I figure I’m going to continue full time for another 5 years but hope to give up some of my more stressful parts of my job and move to part time around age 57. If they don’t allow it, having an income stream from deferred compensation sounds attractive.
 
I just found out I can participate in a deferred compensation plan at work. Trying to weigh the pros and cons. I already max out on my 401k and this looks like another way to defer some taxes. But taxes seem pretty low today vs future liabilities so it’s seems like a bit of a gamble.

Anyone have an experience with deferred comp plans and why I should or shouldn’t consider it?

my wife and i both worked for govt (local and state) and we both had access to deferred comp programs (457 plans). we elected to divert X% of our income to the plan into a variety of investments...equity funds, bond funds, etc. the choices are limited. we can roll the 457s into tIRA at any time. over the last 20-yrs we've had great growth...mine has tripled in value, my wife's has doubled. our only regret is not divertimg more than we did....hindsight can be a pregnant dog.
 
If I’m reading my plan docs correctly it looks like I need to take a lump sum distribution 5 years after the contribution year. This could give me way too much income if I’m still working in 5 years. I’m only 51 now so I think stil working will be likely. Need to let least look into this more.
 
You usually can elect distributions after leaving firm too. Most plans allow distros while working 5+ years out and can redefer 5 more years if you do it at least a year before scheduled distribution as well
 
My last hurrah in the w*rking world was a public sector job and I maxed out the deferred comp. My salary checks for that 6 months were like $20. That was pretty sweet! They had good investment options, and then when I left employment and at my convenience I cashed some out and rolled some over into my ira.
 
My deferred comp was a 457b government plan with low administrative fees & many investment options, including an attractive "stable income" fund with excellent returns. No employer match, but it seemed like a painless way to save & a no-brainer.

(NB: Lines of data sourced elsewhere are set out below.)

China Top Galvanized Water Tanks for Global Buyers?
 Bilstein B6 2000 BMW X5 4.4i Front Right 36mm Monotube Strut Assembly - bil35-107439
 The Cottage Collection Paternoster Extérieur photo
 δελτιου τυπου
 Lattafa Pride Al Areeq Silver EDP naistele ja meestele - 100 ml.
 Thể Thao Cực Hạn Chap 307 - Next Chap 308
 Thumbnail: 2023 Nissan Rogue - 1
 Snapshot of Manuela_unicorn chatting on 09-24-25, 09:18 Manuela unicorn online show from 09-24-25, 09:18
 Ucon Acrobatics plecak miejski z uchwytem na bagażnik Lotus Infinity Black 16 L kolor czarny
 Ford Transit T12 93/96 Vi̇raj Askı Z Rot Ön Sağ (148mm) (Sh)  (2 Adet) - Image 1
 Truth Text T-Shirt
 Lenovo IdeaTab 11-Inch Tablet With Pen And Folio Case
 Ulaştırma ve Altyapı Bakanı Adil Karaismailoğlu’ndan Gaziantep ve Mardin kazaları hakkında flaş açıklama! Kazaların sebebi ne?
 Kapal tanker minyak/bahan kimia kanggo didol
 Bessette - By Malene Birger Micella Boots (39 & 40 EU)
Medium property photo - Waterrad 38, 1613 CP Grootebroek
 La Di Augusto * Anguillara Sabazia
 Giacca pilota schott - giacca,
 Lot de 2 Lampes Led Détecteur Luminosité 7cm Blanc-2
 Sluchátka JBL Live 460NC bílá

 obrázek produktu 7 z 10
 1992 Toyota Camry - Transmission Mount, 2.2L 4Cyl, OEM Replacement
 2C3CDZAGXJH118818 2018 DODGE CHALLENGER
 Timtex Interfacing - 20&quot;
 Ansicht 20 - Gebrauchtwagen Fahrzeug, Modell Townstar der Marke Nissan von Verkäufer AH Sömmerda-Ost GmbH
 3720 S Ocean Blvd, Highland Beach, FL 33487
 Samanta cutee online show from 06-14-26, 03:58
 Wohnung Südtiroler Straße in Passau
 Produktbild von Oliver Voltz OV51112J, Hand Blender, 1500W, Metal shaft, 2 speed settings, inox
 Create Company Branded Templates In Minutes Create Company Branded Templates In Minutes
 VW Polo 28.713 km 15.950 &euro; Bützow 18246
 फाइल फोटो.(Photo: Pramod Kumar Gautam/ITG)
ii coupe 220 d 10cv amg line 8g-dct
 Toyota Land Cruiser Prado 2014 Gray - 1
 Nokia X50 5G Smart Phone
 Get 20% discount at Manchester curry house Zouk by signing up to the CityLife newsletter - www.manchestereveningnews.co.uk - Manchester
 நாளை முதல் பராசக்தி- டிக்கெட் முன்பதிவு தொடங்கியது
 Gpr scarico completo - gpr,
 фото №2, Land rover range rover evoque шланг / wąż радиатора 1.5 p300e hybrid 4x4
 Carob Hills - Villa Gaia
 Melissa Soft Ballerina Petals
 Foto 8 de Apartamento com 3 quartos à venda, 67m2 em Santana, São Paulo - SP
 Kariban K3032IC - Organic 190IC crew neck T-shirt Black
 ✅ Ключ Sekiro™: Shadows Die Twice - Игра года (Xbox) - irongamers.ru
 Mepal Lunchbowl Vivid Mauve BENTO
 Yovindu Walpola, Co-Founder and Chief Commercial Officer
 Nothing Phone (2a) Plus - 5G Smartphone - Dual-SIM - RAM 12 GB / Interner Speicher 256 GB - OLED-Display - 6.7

When I started in the 1980s, the big selling point for deferred comp & IRAs was that your tax bracket would likely be lower when you eventually withdrew the funds, & as it turned out, that hasn't happened for me. So was it a smart move? Would more Roths have helped? Who knows? But it gave me peace of mind at the time & the RMDs are welcome, so no complaints.
 
If you're comfortable gambling with your financial compensation, this can be a great opportunity to bridge between ER and penalty-free access to other retirement funds, or RMDs.

I participated in a NQDC plan for my last 10 years at MC, until that MC was acquired by an even larger MC (who subsequently closed the plan). While in the plan, I maxed out my 401k, after-tax 401k, and NQDC contributions - truly loved getting those $20 paycheck deposits. Hard to believe, but I skimped by like a college student for a decade.

My NQDC distribution schedule was for ten years after separation. I thought the original MC would be around longer than me, so I had no qualms about gambling the pay. The acquiring MC is larger and more stable, so my thinking hasn't changed.

I retired early last year, and started receiving monthly disbursements. The balance in the NQDC plan is assigned to several "investments", which approximate returns in various Vanguard funds (so, over the last 12 years the balance has grown substantially).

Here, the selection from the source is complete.